Two messengers brought Westvilleans ideas for combating an uptick in neighborhood crime — community-powered ideas that don’t involve more cops, more arrests, or locking up young people.
Westville neighbors heard about those two ideas — more neighborhood block watches and a neighborhood-specific restorative justice program — at an hour-and-a-half-long meeting held Tuesday night in the Edgewood School cafeteria.
The meeting was organized by Woodbridge Avenue resident Pam Fahey, and was the third such property crime-focused brainstorming session that she, neighborhood top cop Lt.
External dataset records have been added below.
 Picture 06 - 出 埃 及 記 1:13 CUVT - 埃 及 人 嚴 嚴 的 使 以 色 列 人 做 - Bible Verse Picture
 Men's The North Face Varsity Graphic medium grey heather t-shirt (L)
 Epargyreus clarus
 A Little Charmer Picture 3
Rose Dell, and Westville Alder Adam Marchand have put together so far this year.
According to the New Haven Police Department’s latest weekly CompStat report, there have been a total of 543 property crimes committed in the Westville/West Hills policing district since Jan. 1. Those include burglaries, motor vehicle thefts, and larcenies from vehicles, and represent a 19.3 percent increase over this same time last year.
Unlike at previous Westville property crime-focused meetings, there were no shouting matches Tuesday night between political candidates or talks about setting up citizen patrols.
Instead, the 10 neighbors present heard crime-prevention, community-building pitches from Dawn Lewis, who is the executive assistant to Police Chief Otoniel Reyes; and from Shirley Ellis-West, the interim executive director of New Haven Family Alliance. They also heard from Children In Placement Executive Director Juliet Freimuth as well as from Lt. Dell and Chief Reyes.
Lewis said that Reyes recently tapped her to spearhead a new citywide block watch organizing initiative.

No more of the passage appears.